◆ **Assignment**:
All of the data, word for word and free of pictures, is the expected result.

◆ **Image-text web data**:
* * * * * * *
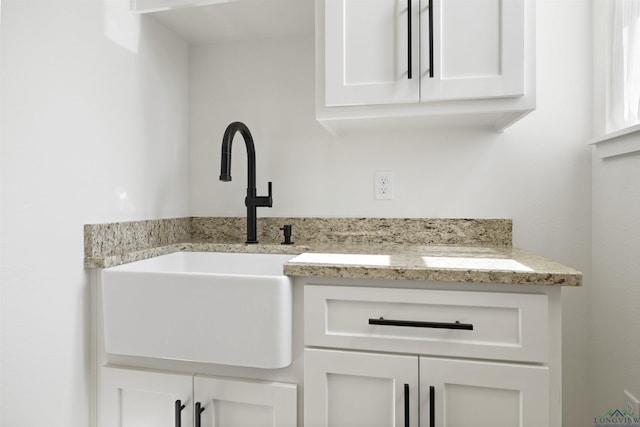 111 Mia Ln, Longview, TX 75604 - detailed view of a sink
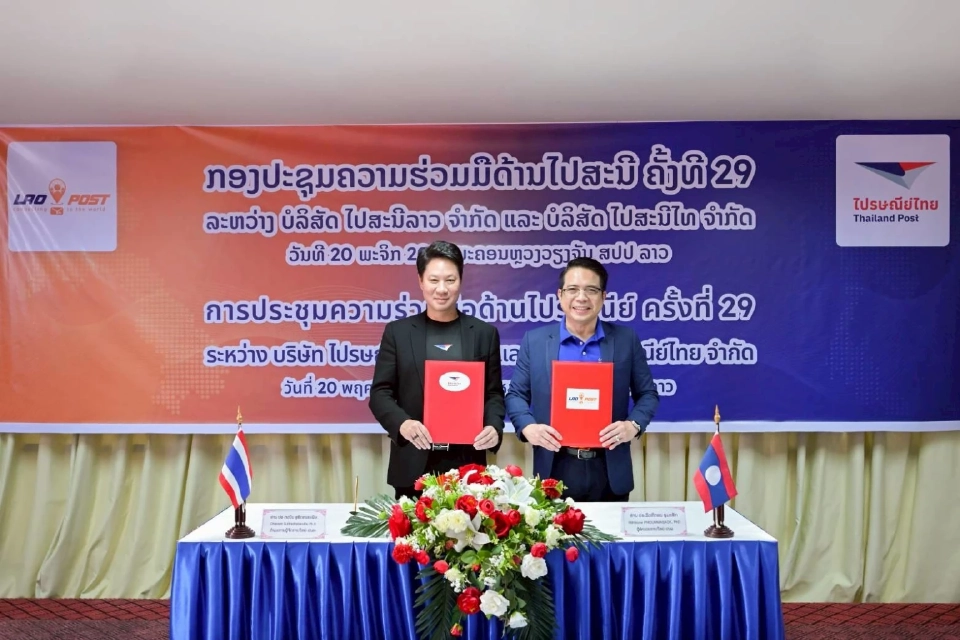 ปรษณีย์ไทยได้ลงนามในบันทึกความเข้าใจ (เอ็มโอยู) ความร่วมมือเชิงยุทธศาสตร์ระหว่างปณท. และบริษัท ไปรษณีย์ลาว จำกัด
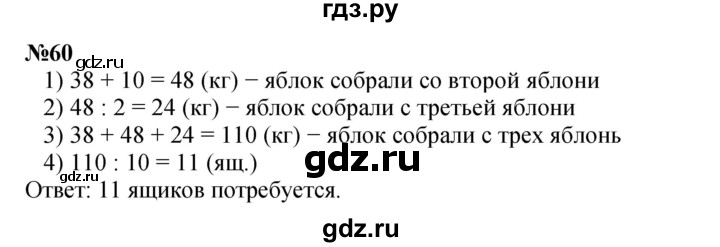 ГДЗ по математике 4 класс Петерсон   часть 3 / задача - 60, Решебник №1 (Перспектива)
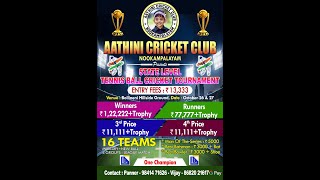 AATHINI CRICKET CLUB PRESENTS STATE LEVEL CRICKET TOURNAMENT  FINAL DAY  GROUND A [upl. by Arihay]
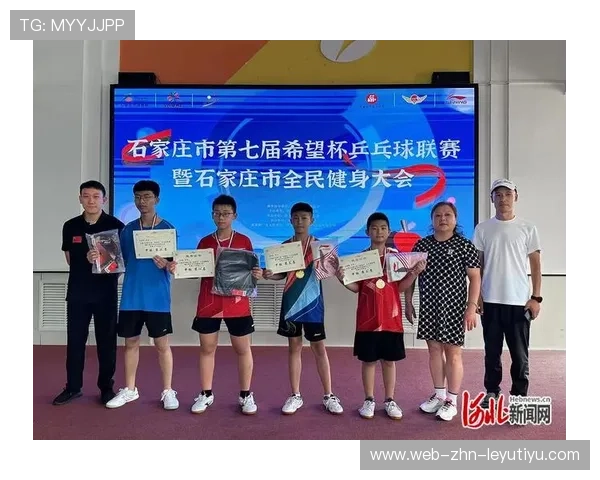 国际乒乓球俱乐部联盟设立青训成果展示平台，国际乒乓球联合会是在什么时候成立的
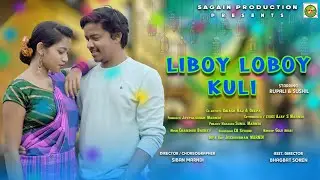 SPV3/LIBOY LOBOY KULI /NEW SANTALI SONG 2022/NEW SANTALI ALBUM 2022/SUSHIL/RUPALI/BIKASH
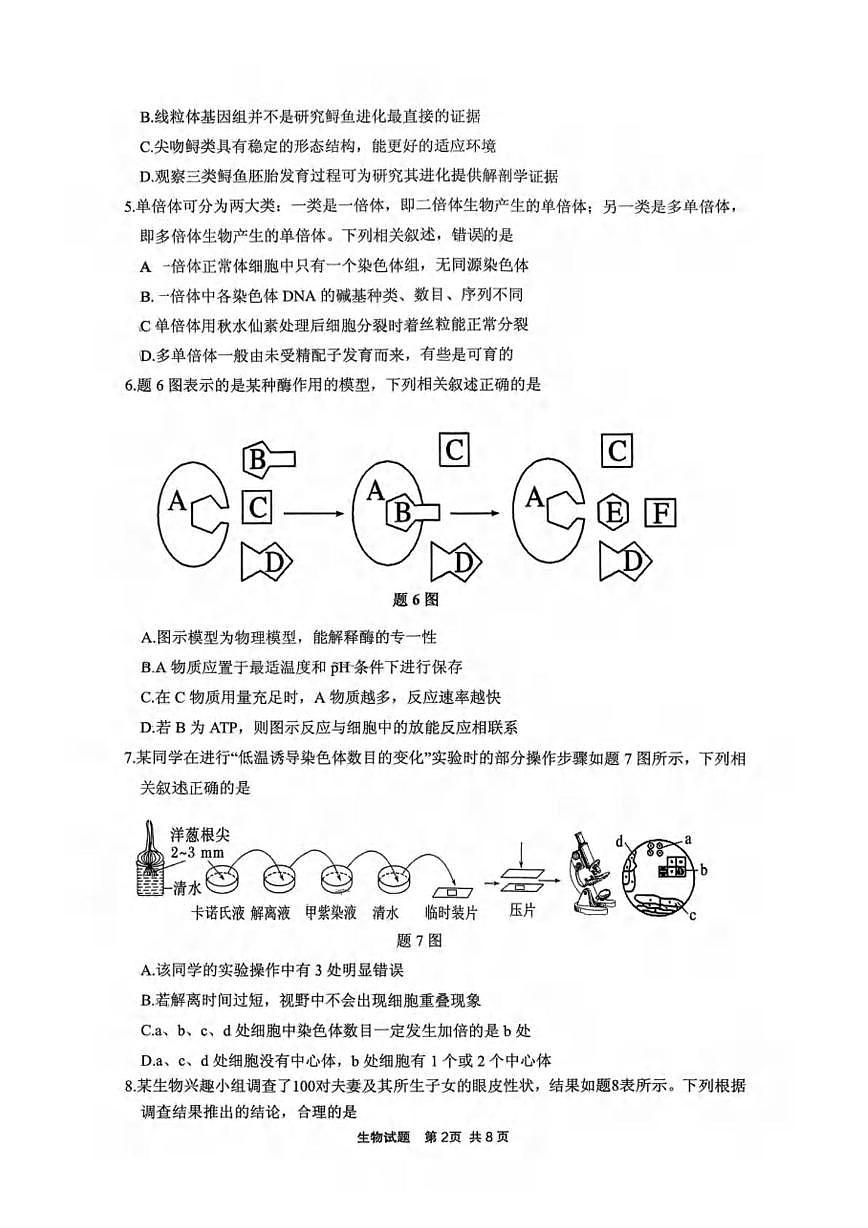 重庆市部分区县学校2025-2026学年2025-2026学年高三上学期12月月考生物试题第2页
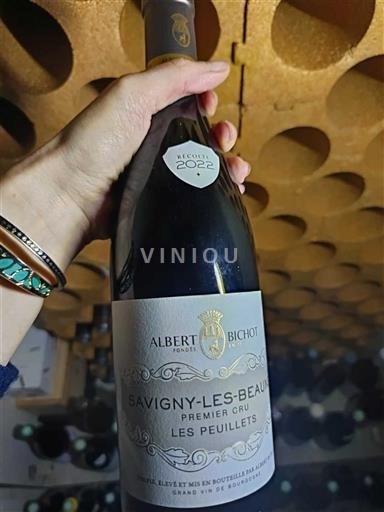 Rượu vang Rouge sec Les Peuillets Albert Bichot 2022 Pháp Bourgogne Savigny-lès-beaune AOC Premier Cru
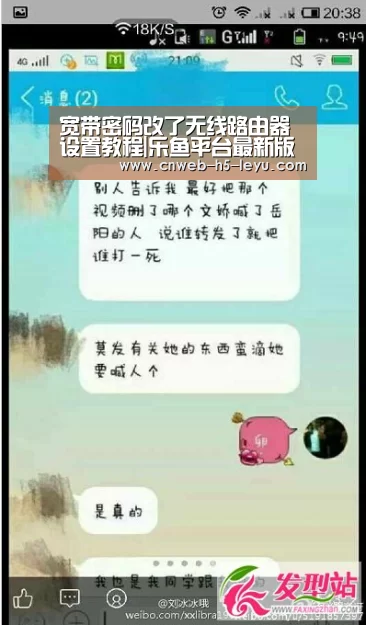 乐鱼体育App下载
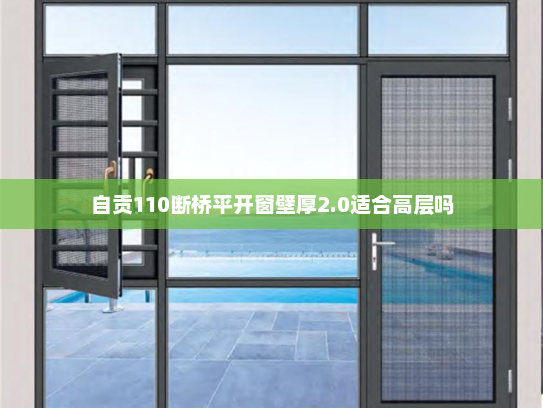 自贡110断桥平开窗壁厚2.0适合高层吗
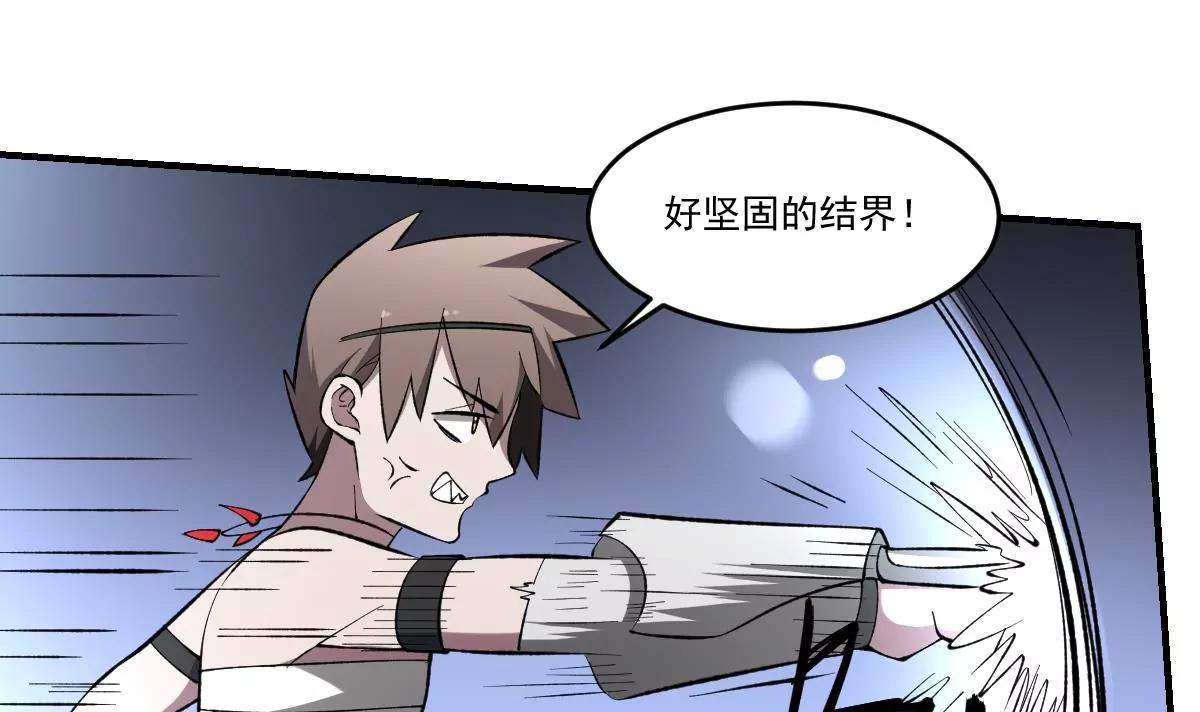 第40话 考验！孟婆的嘲讽-第40话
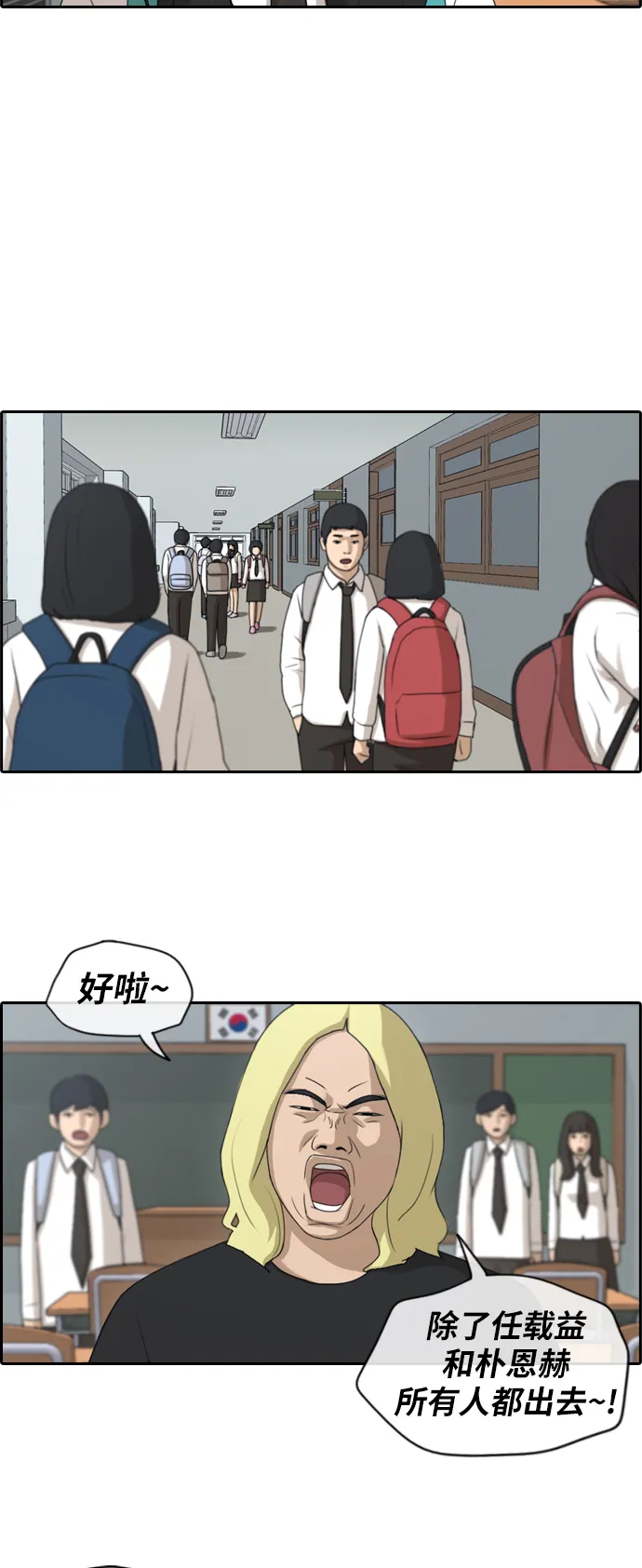 [第152话] 任载益对战朴恩赫 (1) 第15页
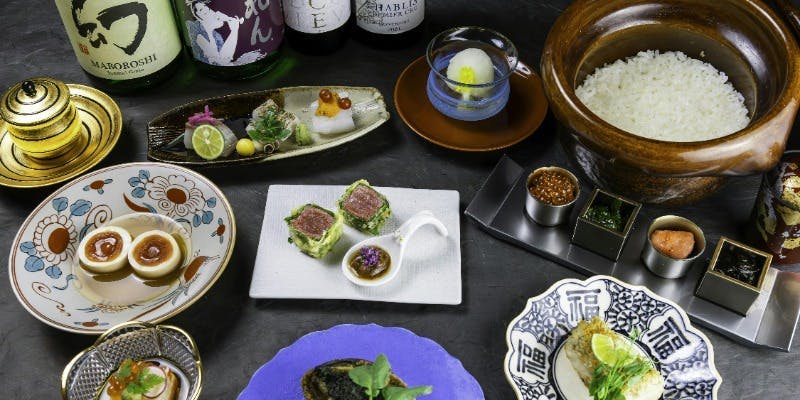 【葵コース】和牛や旬のお魚を贅沢にお楽しみいただける懐石コース。接待やデートに最適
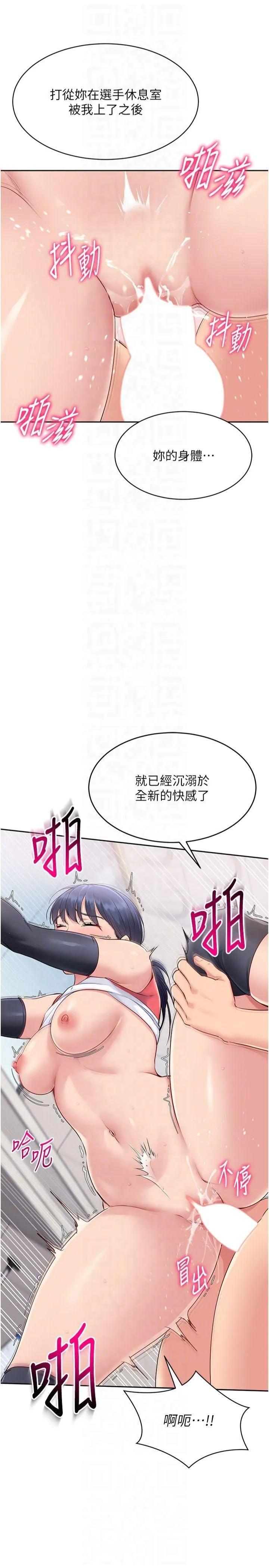 Setup!排球少女 - 第23話-喜歡被硬來的王牌 - page 24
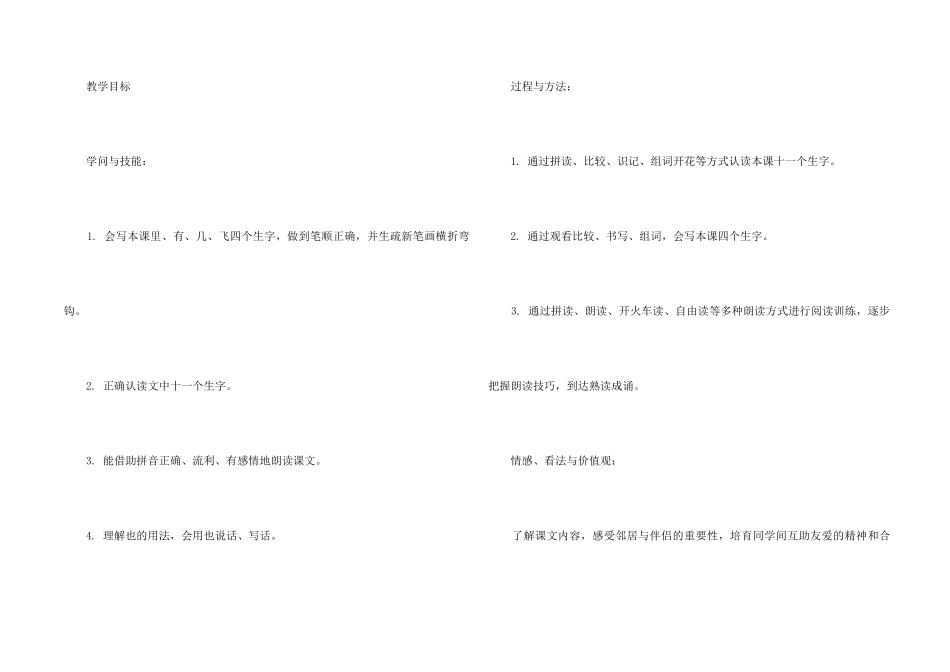 《树和喜鹊》教学反思_第2页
* * * * * * *
◆ **Answer**:
 111 Mia Ln, Longview, TX 75604 - detailed view of a sink
 ปรษณีย์ไทยได้ลงนามในบันทึกความเข้าใจ (เอ็มโอยู) ความร่วมมือเชิงยุทธศาสตร์ระหว่างปณท. และบริษัท ไปรษณีย์ลาว จำกัด
 ГДЗ по математике 4 класс Петерсон   часть 3 / задача - 60, Решебник №1 (Перспектива)
 AATHINI CRICKET CLUB PRESENTS STATE LEVEL CRICKET TOURNAMENT  FINAL DAY  GROUND A [upl. by Arihay]
 国际乒乓球俱乐部联盟设立青训成果展示平台，国际乒乓球联合会是在什么时候成立的
 SPV3/LIBOY LOBOY KULI /NEW SANTALI SONG 2022/NEW SANTALI ALBUM 2022/SUSHIL/RUPALI/BIKASH
 重庆市部分区县学校2025-2026学年2025-2026学年高三上学期12月月考生物试题第2页
 Rượu vang Rouge sec Les Peuillets Albert Bichot 2022 Pháp Bourgogne Savigny-lès-beaune AOC Premier Cru
 乐鱼体育App下载
 自贡110断桥平开窗壁厚2.0适合高层吗
 第40话 考验！孟婆的嘲讽-第40话
 [第152话] 任载益对战朴恩赫 (1) 第15页
 【葵コース】和牛や旬のお魚を贅沢にお楽しみいただける懐石コース。接待やデートに最適
 Setup!排球少女 - 第23話-喜歡被硬來的王牌 - page 24
 《树和喜鹊》教学反思_第2页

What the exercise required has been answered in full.